The expected output is every record below, transcribed exactly, with the pictures left out.
-=-=-=-=-
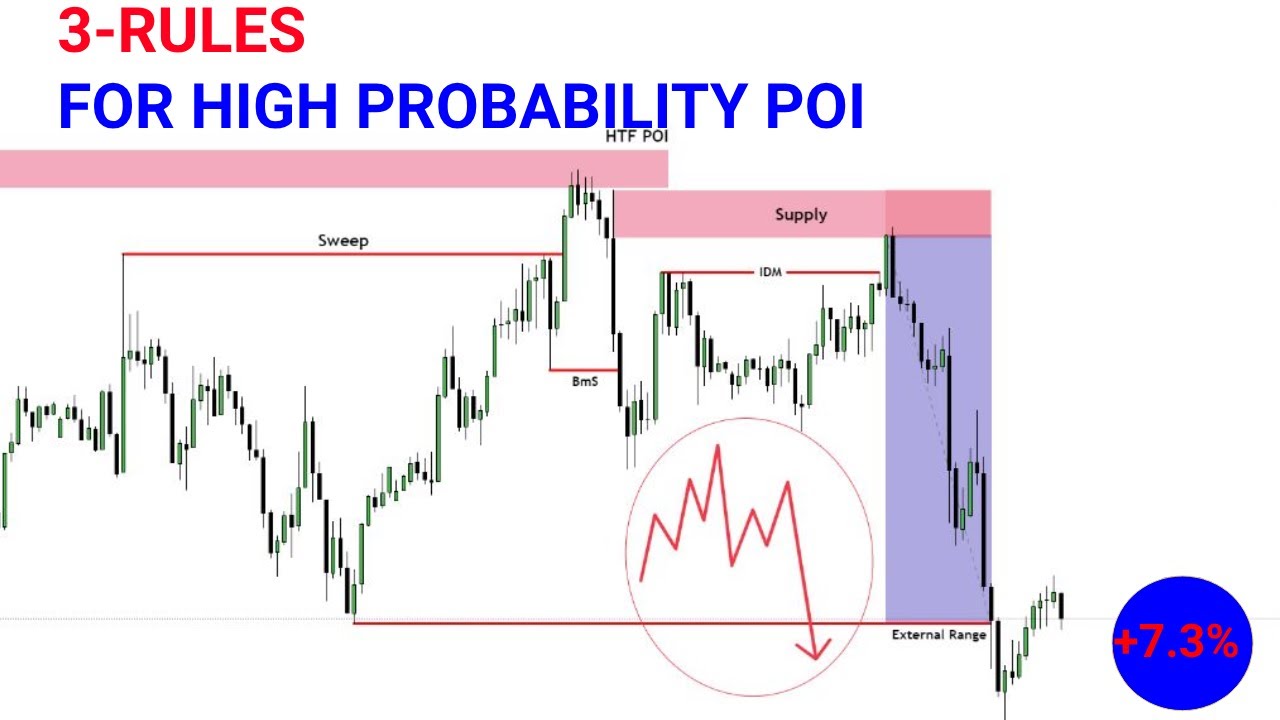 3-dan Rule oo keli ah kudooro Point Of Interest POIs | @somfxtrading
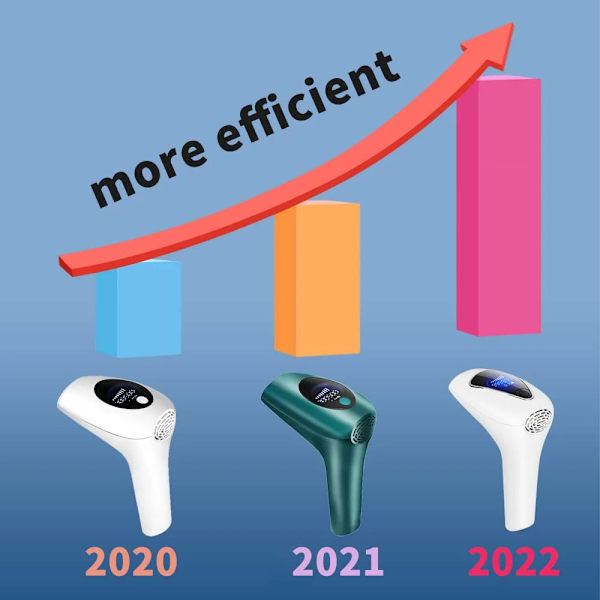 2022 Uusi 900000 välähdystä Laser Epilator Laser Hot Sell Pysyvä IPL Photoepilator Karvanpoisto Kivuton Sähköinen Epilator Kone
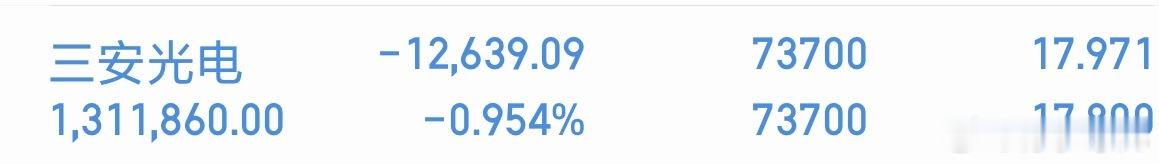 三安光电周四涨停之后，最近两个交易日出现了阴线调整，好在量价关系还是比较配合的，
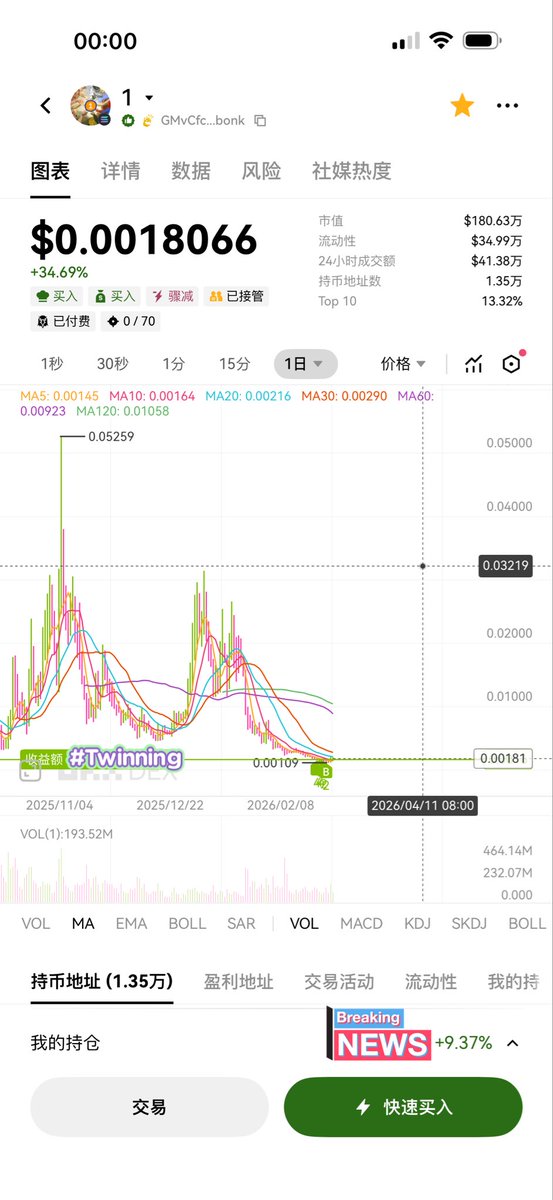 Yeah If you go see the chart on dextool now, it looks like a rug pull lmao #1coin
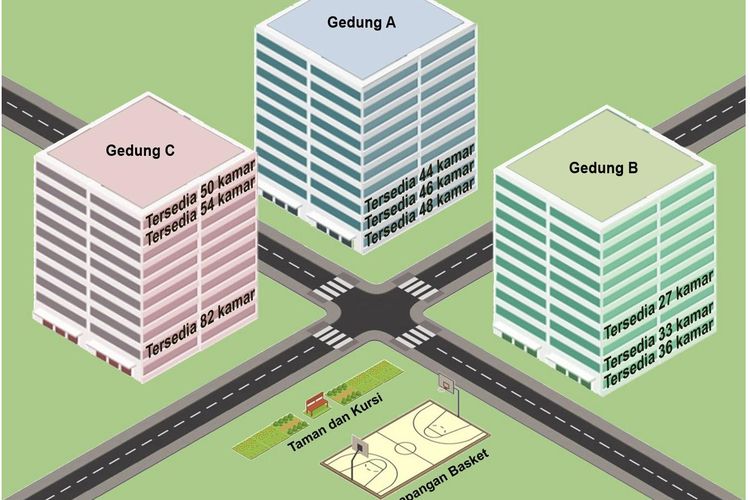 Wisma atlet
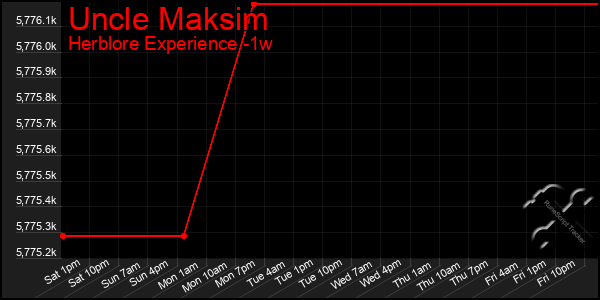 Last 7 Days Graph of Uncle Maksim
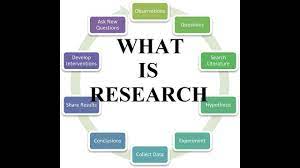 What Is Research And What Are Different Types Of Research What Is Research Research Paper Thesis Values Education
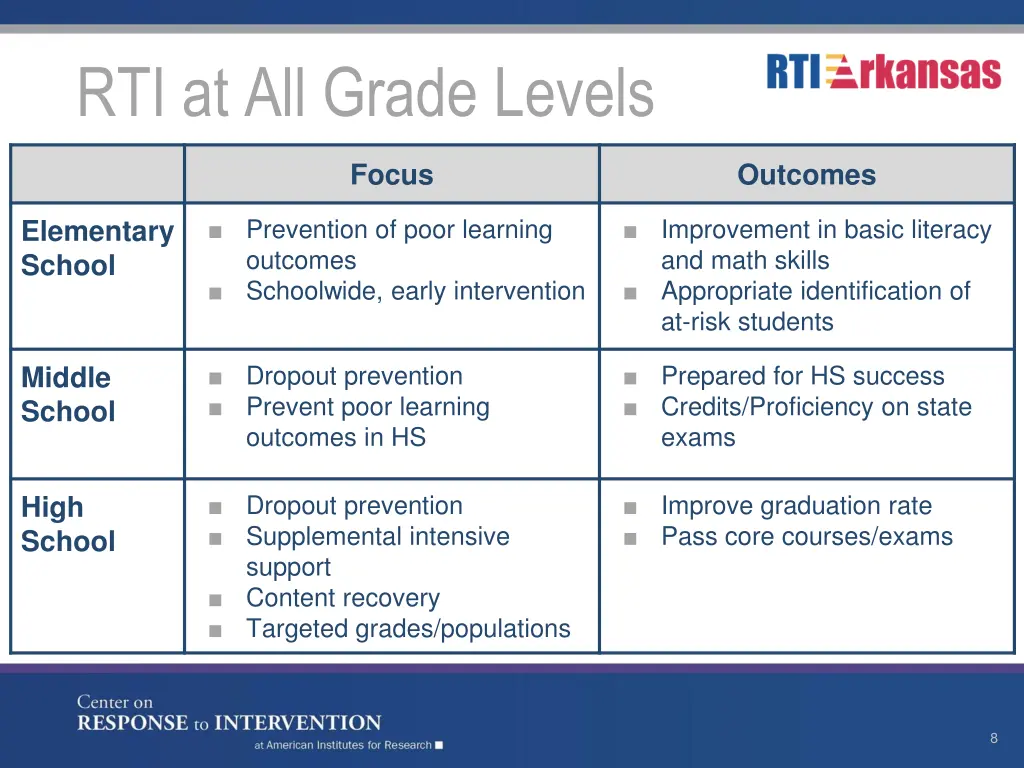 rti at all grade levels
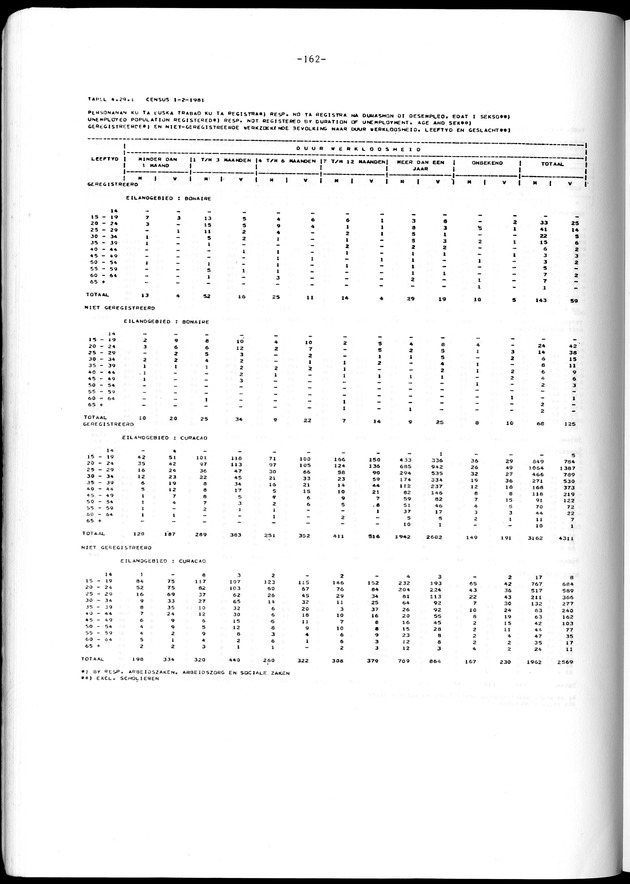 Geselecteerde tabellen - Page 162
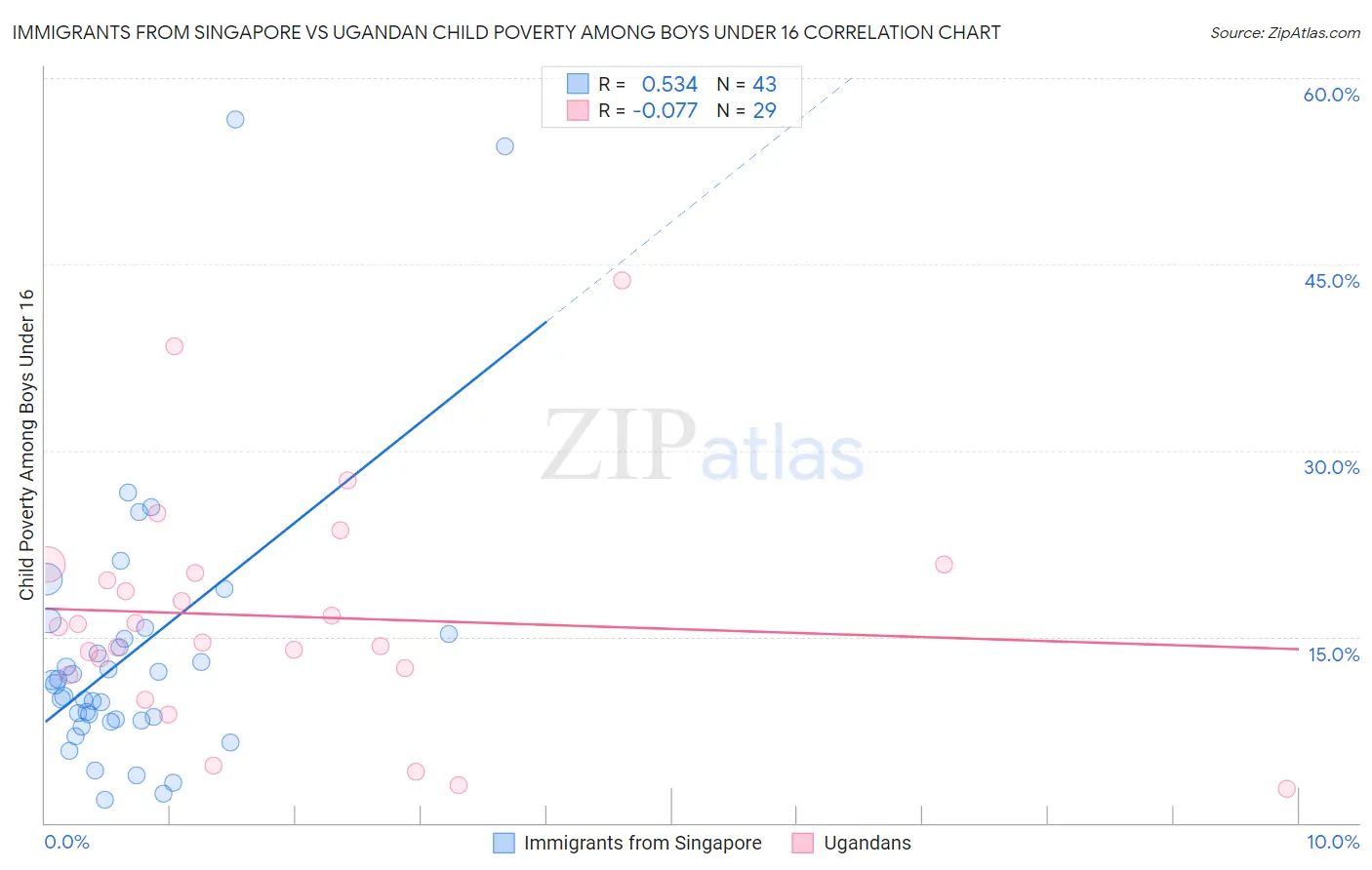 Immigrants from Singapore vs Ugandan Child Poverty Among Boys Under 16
-=-=-=-=-
**Written solution**:
 3-dan Rule oo keli ah kudooro Point Of Interest POIs | @somfxtrading
 2022 Uusi 900000 välähdystä Laser Epilator Laser Hot Sell Pysyvä IPL Photoepilator Karvanpoisto Kivuton Sähköinen Epilator Kone
 三安光电周四涨停之后，最近两个交易日出现了阴线调整，好在量价关系还是比较配合的，
 Yeah If you go see the chart on dextool now, it looks like a rug pull lmao #1coin
 Wisma atlet
 Last 7 Days Graph of Uncle Maksim
 What Is Research And What Are Different Types Of Research What Is Research Research Paper Thesis Values Education
 rti at all grade levels
 Geselecteerde tabellen - Page 162
 Immigrants from Singapore vs Ugandan Child Poverty Among Boys Under 16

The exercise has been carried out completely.